— Work task —
Output the records exactly as they appear, with no pictures included.

— Data section —
"""

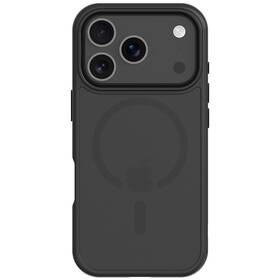 Kryt na mobil Tactical MagForce Hyperstealth na Apple iPhone 17 Pro čierny

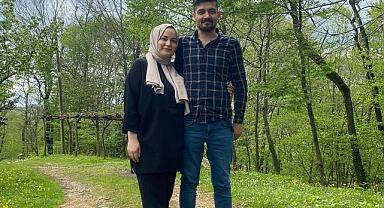 Ordu'da Genç Kadın Amansız Hastalığa Yenik Düştü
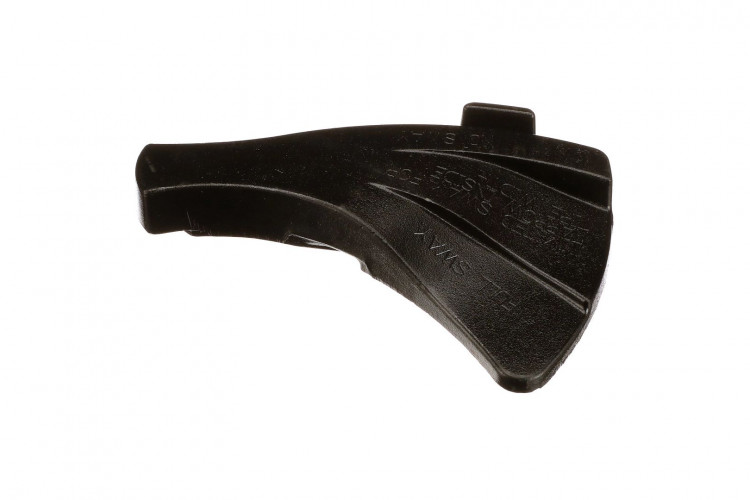 Nocke (293789A5) Case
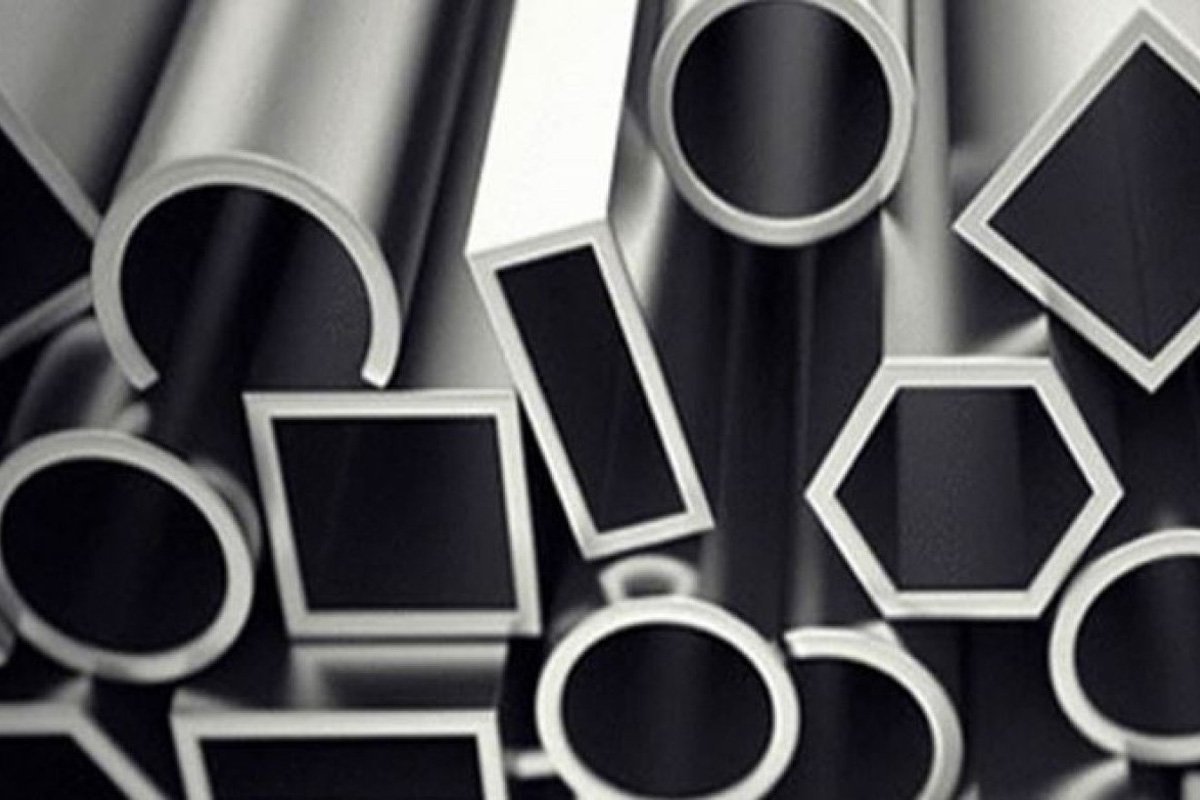 Alüminyum Haberleri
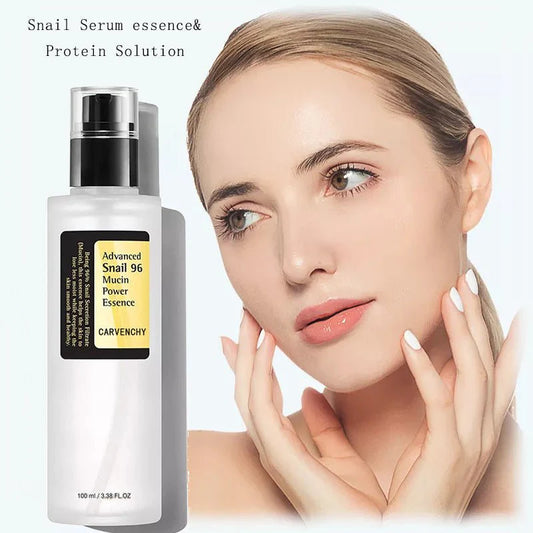 Hydrating &amp; Brightening Skincare Set – 100g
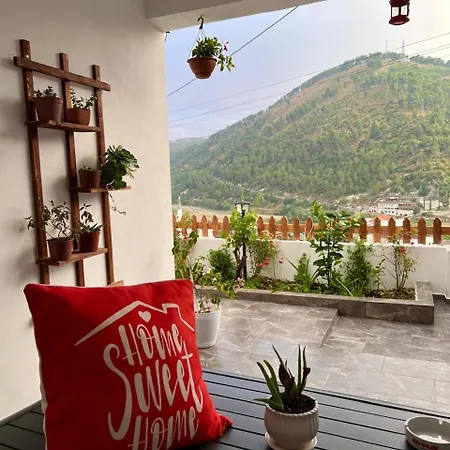 Dona Vendégház Berat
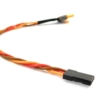 HSE6JR150-02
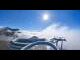 Webcam in Crans Montana, 3.4 mi away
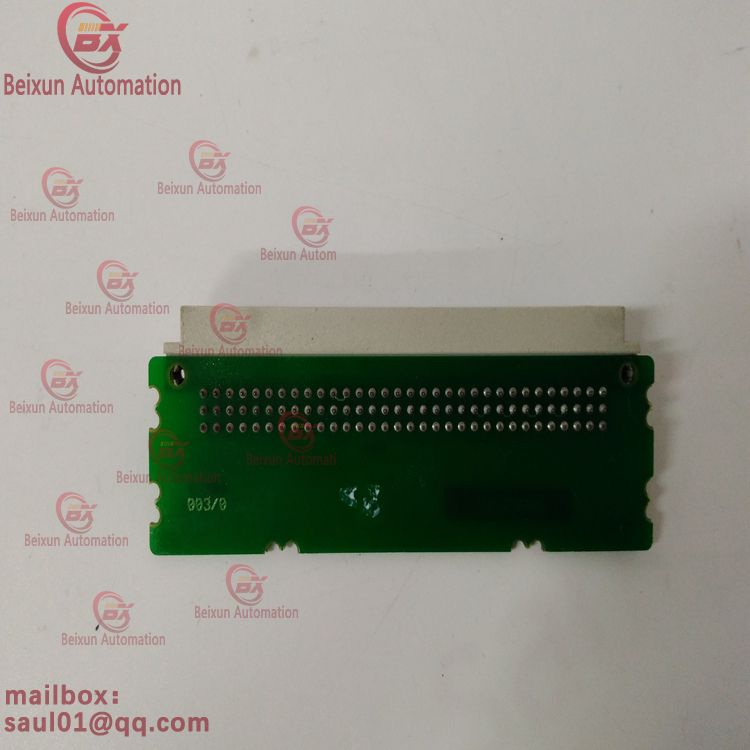 GE 44A751101-G01 module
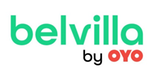 Belvilla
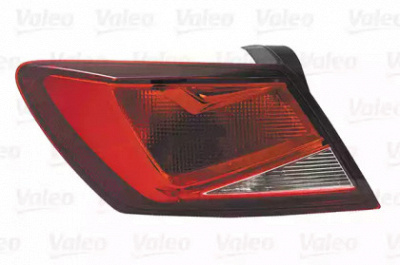 VALEO 045108 - Задний фонарь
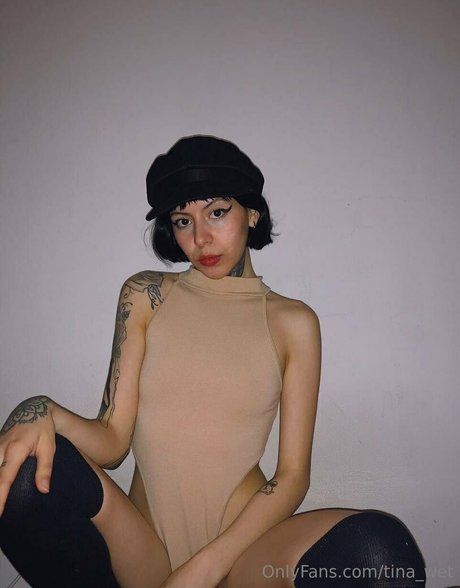 séduction onlyfans qualité supérieure collection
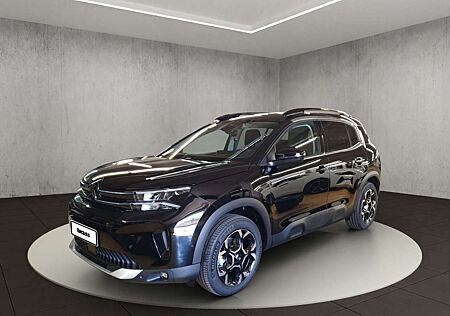 Citroën C5 Aircross Citroen BlueHDi 130 S&S EAT8 Max
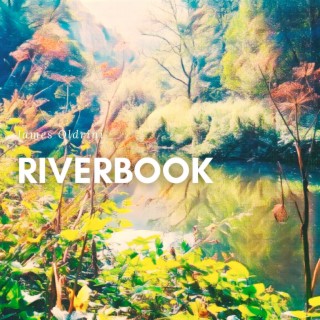 Riverbook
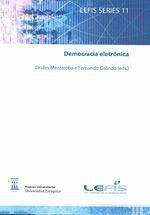 De la ordenación a la planificación territorial estratégica en el ámbito regional-comarcal - Bielza de Ory, Vicente . . . [et al.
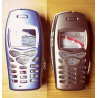 SonyEricsson T200 komplett ház, többféle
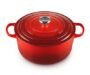 Le Creuset Dutch Oven Review: Our Top Picks for 2026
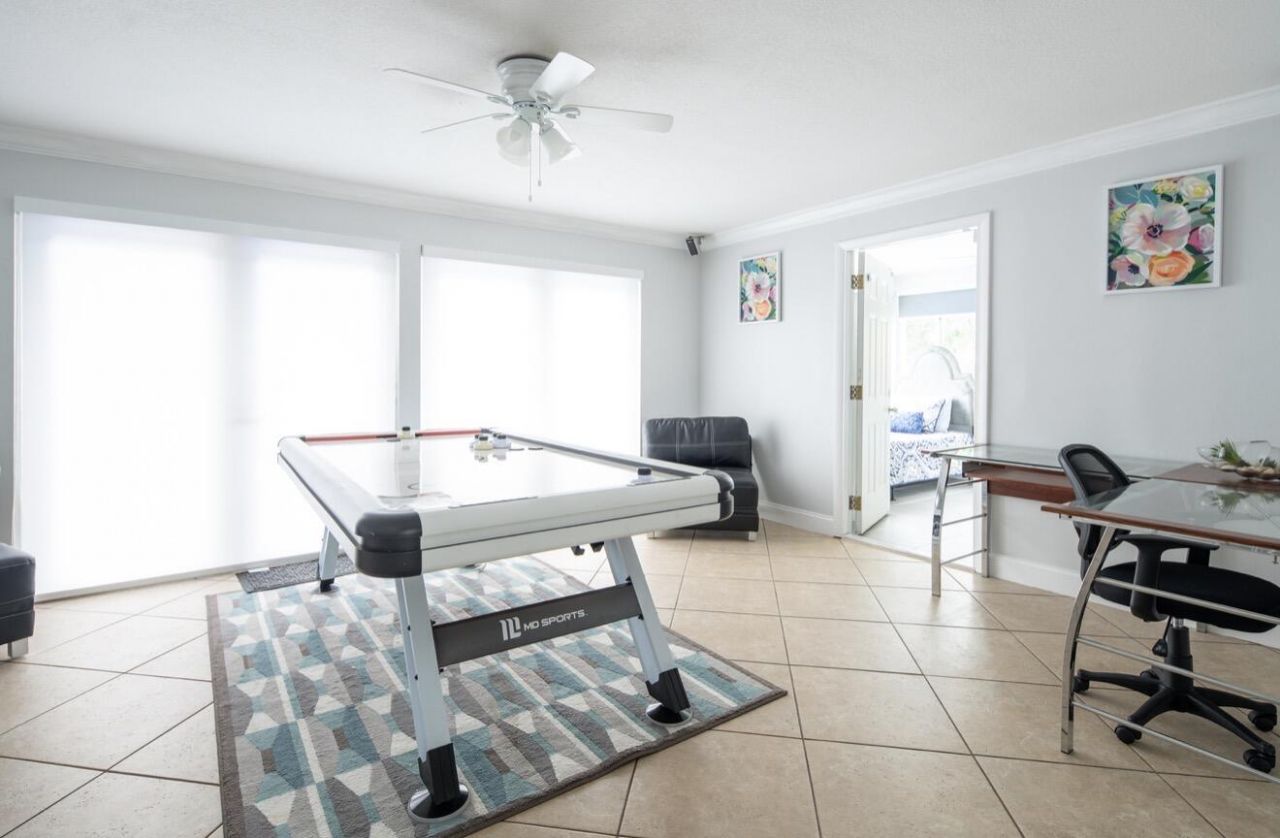 4318 Taylor Street, Hollywood, FL 33021 Photo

"""

— Written solution —
 Kryt na mobil Tactical MagForce Hyperstealth na Apple iPhone 17 Pro čierny

 Ordu'da Genç Kadın Amansız Hastalığa Yenik Düştü
 Nocke (293789A5) Case
 Alüminyum Haberleri
 Hydrating &amp; Brightening Skincare Set – 100g
 Dona Vendégház Berat
 HSE6JR150-02
 Webcam in Crans Montana, 3.4 mi away
 GE 44A751101-G01 module
 Belvilla
 VALEO 045108 - Задний фонарь
 séduction onlyfans qualité supérieure collection
 Citroën C5 Aircross Citroen BlueHDi 130 S&S EAT8 Max
 Riverbook
 De la ordenación a la planificación territorial estratégica en el ámbito regional-comarcal - Bielza de Ory, Vicente . . . [et al.
 SonyEricsson T200 komplett ház, többféle
 Le Creuset Dutch Oven Review: Our Top Picks for 2026
 4318 Taylor Street, Hollywood, FL 33021 Photo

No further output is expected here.